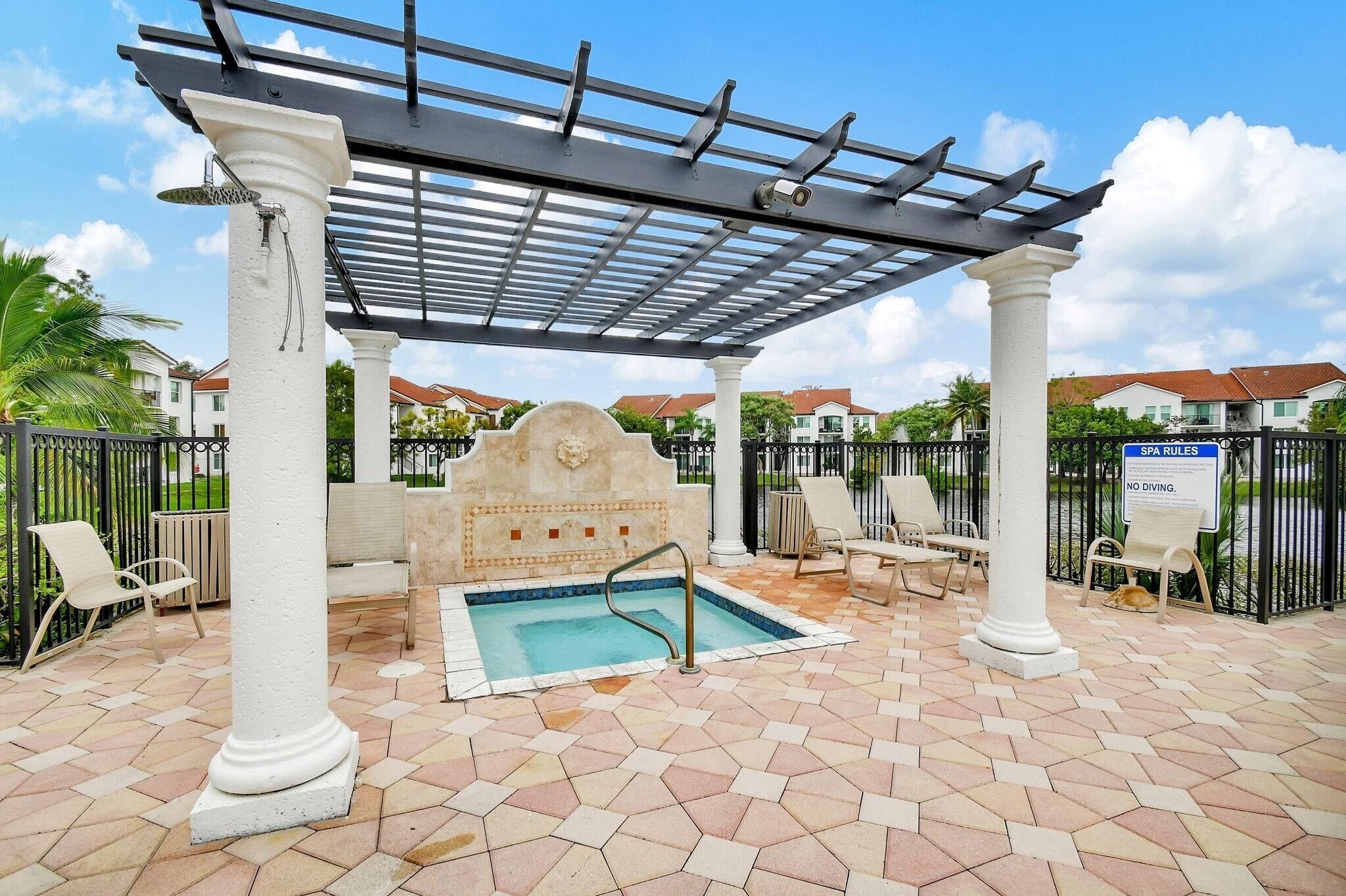 Building Photo - 805 Villa Cir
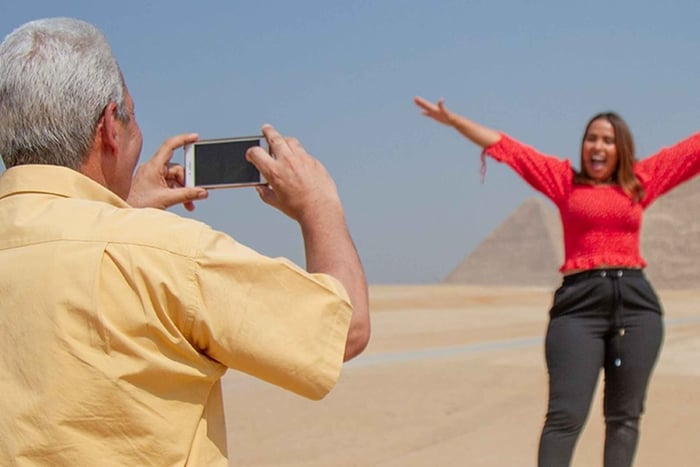 Halvdagsutflykt till Kairos sightseeing till Pyramiderna i Giza och Sfinxen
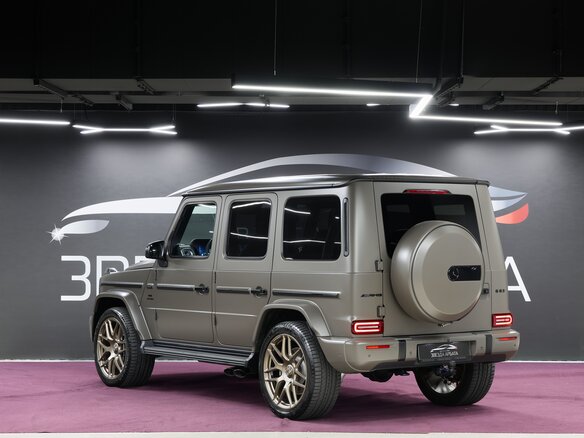 2024 Mercedes-Benz G-Класс AMG 63 AMG II (W465) Рестайлинг, золотистый, 27300000 рублей - вид 2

# # # # #

What you will do: Print the listing above in full, exactly as written. Omit any pictures.

Answer space:
 Building Photo - 805 Villa Cir
 Halvdagsutflykt till Kairos sightseeing till Pyramiderna i Giza och Sfinxen
 2024 Mercedes-Benz G-Класс AMG 63 AMG II (W465) Рестайлинг, золотистый, 27300000 рублей - вид 2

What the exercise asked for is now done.